• [Required action] Quote all lines below exactly. Images stay out.

*** Opening Provided material ***

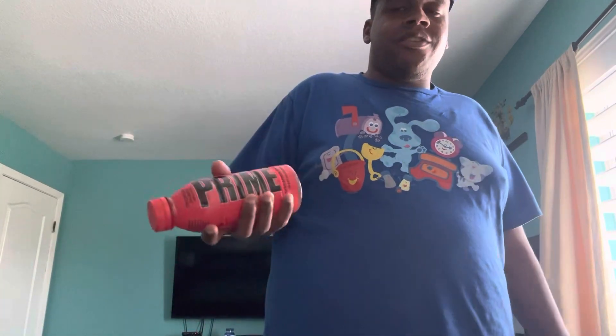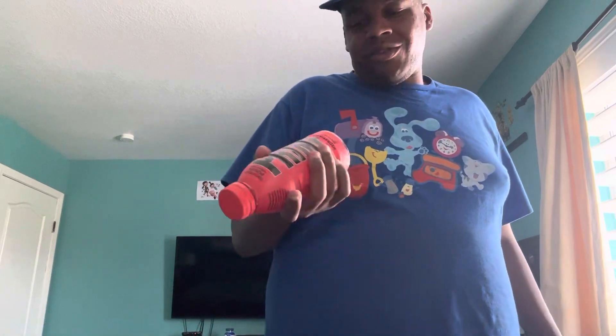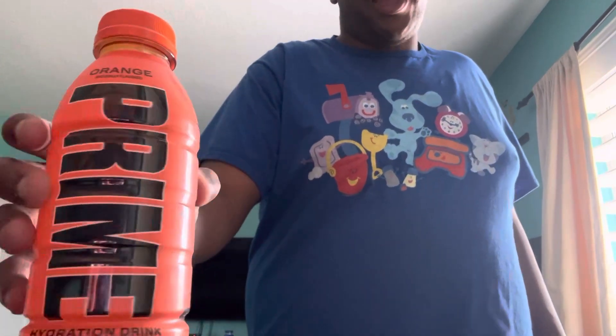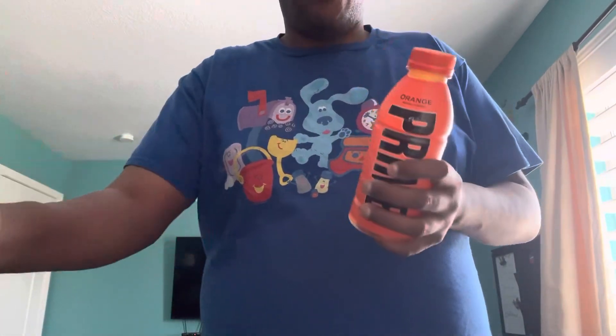Hello you guys, Blues Clues and Minions Fan 464 here, about to do another taste testing video with Prime — a hydration sports drink. I never tried it before, but with all these taste testing videos there's a first time for everything. I have two flavors: tropical punch and orange. Let me try the tropical one first.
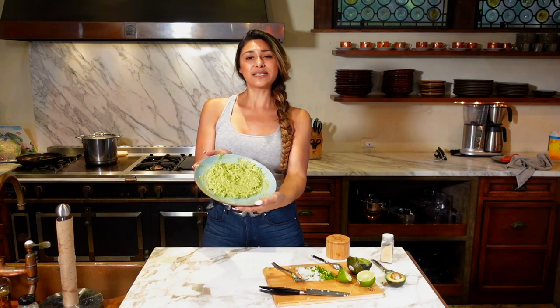So I hope you guys really enjoyed this super, super quick, simple recipe. It's delicious and you guys are going to love it. Until next time, I love you and I will see you on my next video. Mwah.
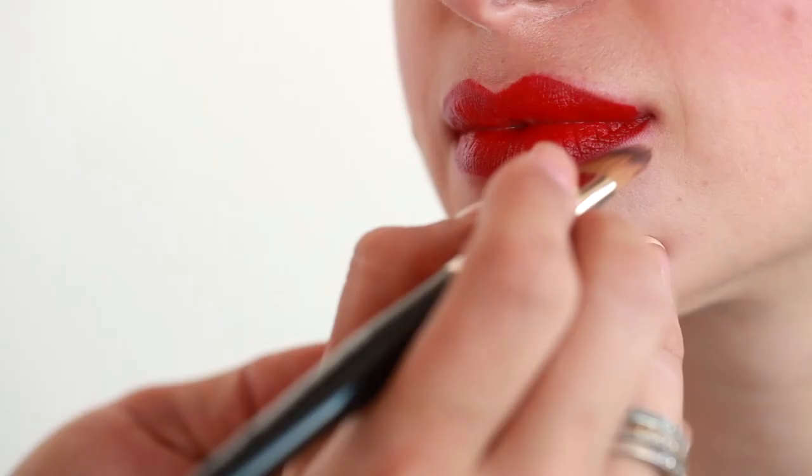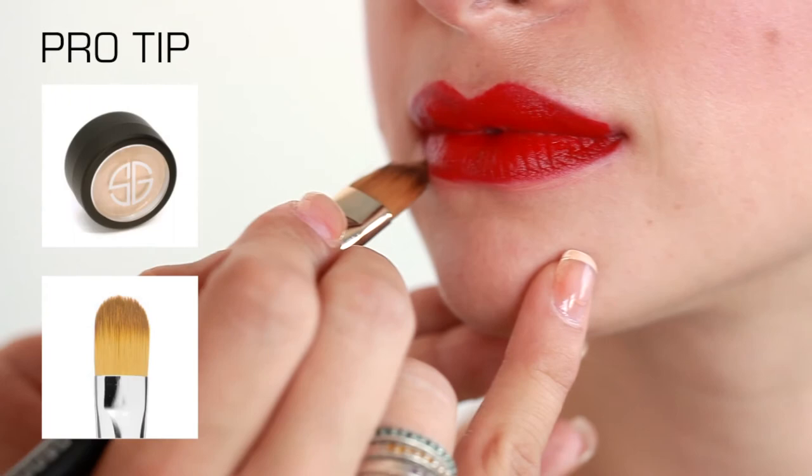Pro tip: you can use concealer brush number 18 and a little bit of concealer to clean up around the edges for the perfect looking red lip.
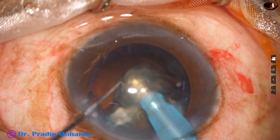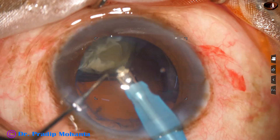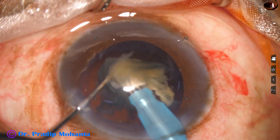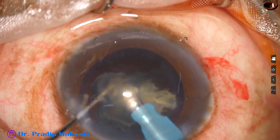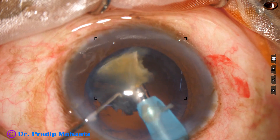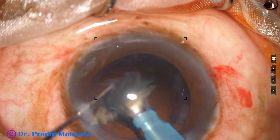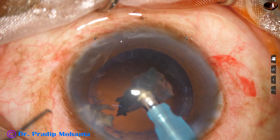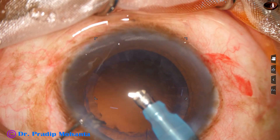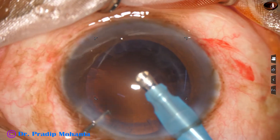One nuclear piece is again subdivided into two smaller pieces, and this is the last chunk of nucleus — it is subdivided into smaller pieces. During emulsification of the last fragment, the parameters are reduced. So far the ultrasonic energy was 85%, fluidics was 45, and vacuum was 450 mmHg. During emulsification of the last piece, vacuum was reduced to 250 and fluidics to 25.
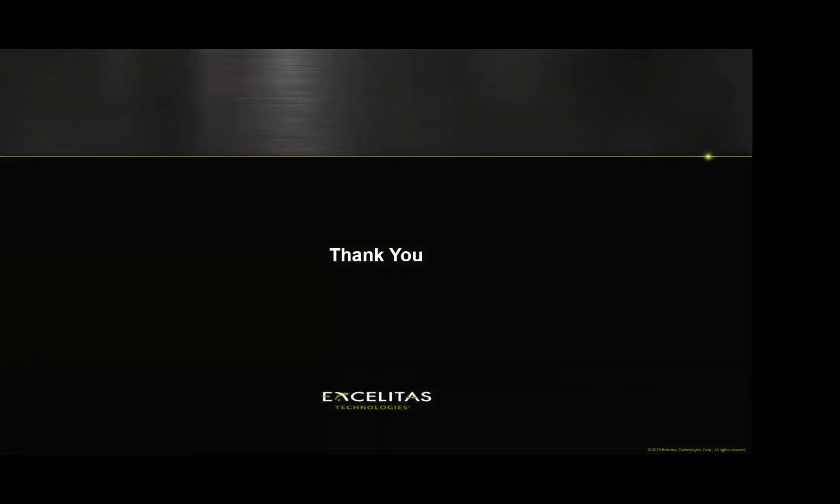Thank you for your time. If you have any questions, we encourage you to visit us at our virtual booth or reach out on our website, and certainly access the content and webinars available there for additional information on the applications we spoke about today.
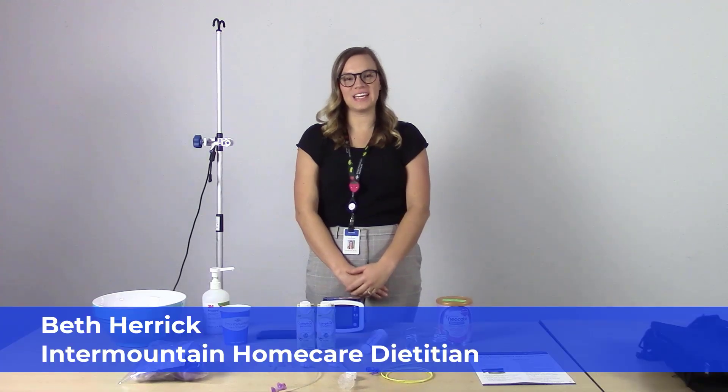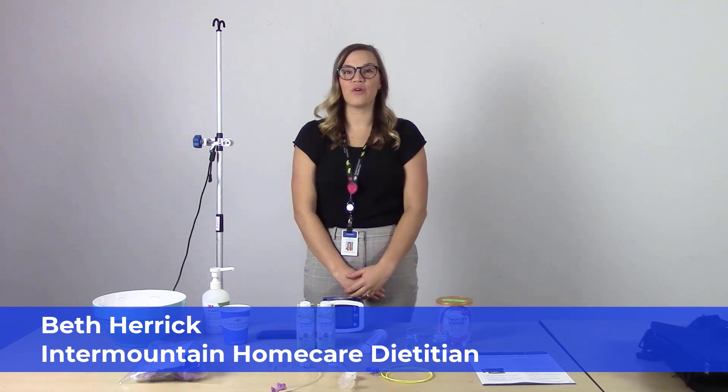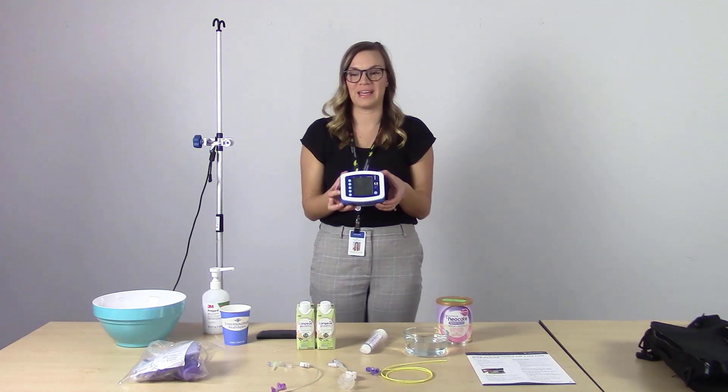Hi, my name is Beth and I'm one of the dietitians from Intermountain Home Care and Hospice. In this video, we will go over how to give an enteral feeding with the Covidien Kangaroo Joey Pump with the Feed and Flush Bag Sets.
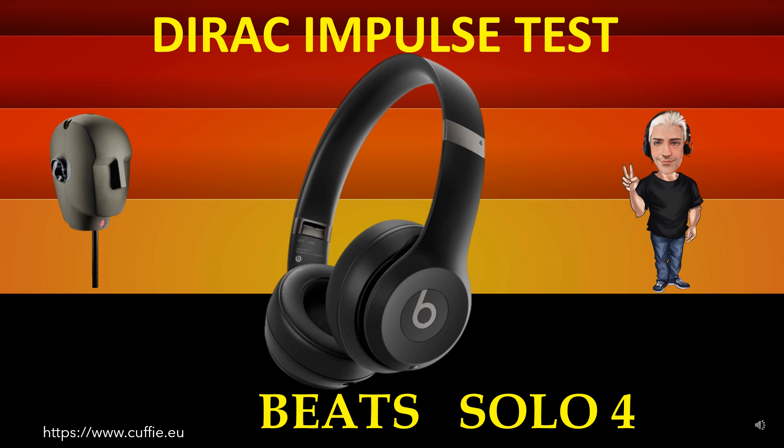This test measures the transient speed and relative irregularity to the Dirac impulse response — the best way to test headphone speed and relative transient speed. All this determines the transparency and sharpness of the headphone. If the headphone impulse graph looks similar to the reference Dirac impulse, then the headphone will be fast, transparent and clear.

*** Closing Provided material ***

• [Task output]
Hello you guys, Blues Clues and Minions Fan 464 here, about to do another taste testing video with Prime — a hydration sports drink. I never tried it before, but with all these taste testing videos there's a first time for everything. I have two flavors: tropical punch and orange. Let me try the tropical one first.
So I hope you guys really enjoyed this super, super quick, simple recipe. It's delicious and you guys are going to love it. Until next time, I love you and I will see you on my next video. Mwah.
Pro tip: you can use concealer brush number 18 and a little bit of concealer to clean up around the edges for the perfect looking red lip.
One nuclear piece is again subdivided into two smaller pieces, and this is the last chunk of nucleus — it is subdivided into smaller pieces. During emulsification of the last fragment, the parameters are reduced. So far the ultrasonic energy was 85%, fluidics was 45, and vacuum was 450 mmHg. During emulsification of the last piece, vacuum was reduced to 250 and fluidics to 25.
Thank you for your time. If you have any questions, we encourage you to visit us at our virtual booth or reach out on our website, and certainly access the content and webinars available there for additional information on the applications we spoke about today.
Hi, my name is Beth and I'm one of the dietitians from Intermountain Home Care and Hospice. In this video, we will go over how to give an enteral feeding with the Covidien Kangaroo Joey Pump with the Feed and Flush Bag Sets.
This test measures the transient speed and relative irregularity to the Dirac impulse response — the best way to test headphone speed and relative transient speed. All this determines the transparency and sharpness of the headphone. If the headphone impulse graph looks similar to the reference Dirac impulse, then the headphone will be fast, transparent and clear.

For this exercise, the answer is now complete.